Call centers can generate a lot of data, but it’s useless unless companies are willing to measure the right data and act on it, according to Domo CEO Steve Wellen.

“Ten years ago, no one wanted to call your customer service number. Contact centers existed out of necessity, but deriving real value from them was tedious,” Wellen wrote in a company blog post.

He pointed to companies like the Amazon-owned Zappos where customers actually stayed on the line because they wanted to, not just because they were put on hold.

These days, just about every interaction a customer service agent has with a caller is measured and captured. With large call centers, the sheer volume of data that agents generate can prevent a company from taking effective action with it. All of the metrics can lead to “data overload.


For Wellen, this is where a little planning before implementing call center analytics can go a long way.

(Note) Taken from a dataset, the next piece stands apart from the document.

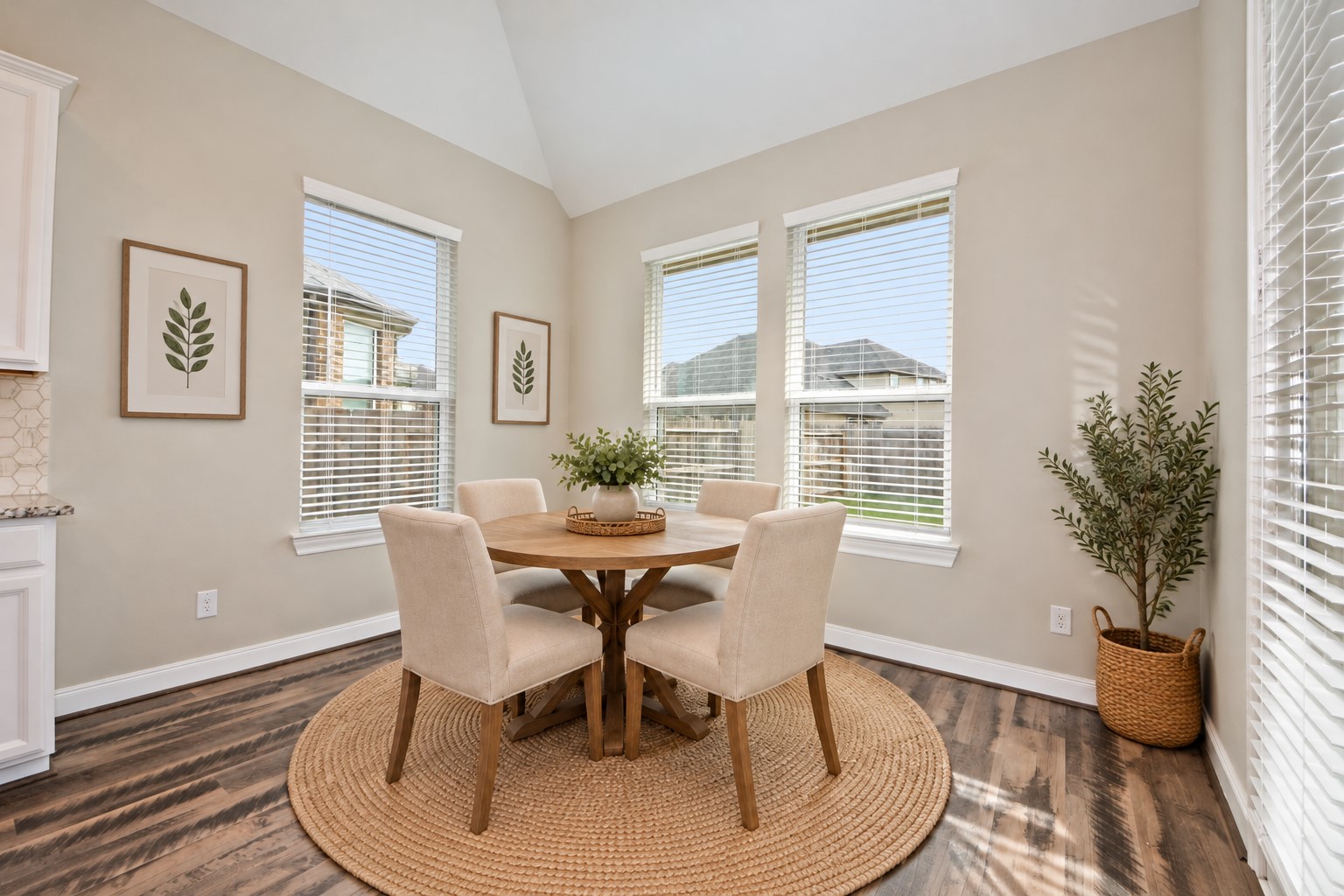 Wonderful Breakfast Area looking out to your Huge Backyard! 2 Inches Wood Faux Blind Included!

He proposes that businesses consider three steps before implementing data methods. First they should have clear business goals. Second, they should have clear strategies and actions that will help them achieve these goals. Finally, they should choose the right metrics that show incremental progress toward their goals.

“The process sounds simple—even simplistic. But it’s the small steps that help you keep your data in perspective and drive real value,” Wellen wrote. “These steps help you make better decisions about which data sources you need in order to measure real impact. Once you narrow down your data, you can amplify the impact that it has on your organization.”

The next step for Wellen is getting the data to the right people so they can take action. He’s not exactly unbiased, as his company depends on visualizing data. He still pointed out that customer service representatives need data as much as managers to do their jobs effectively.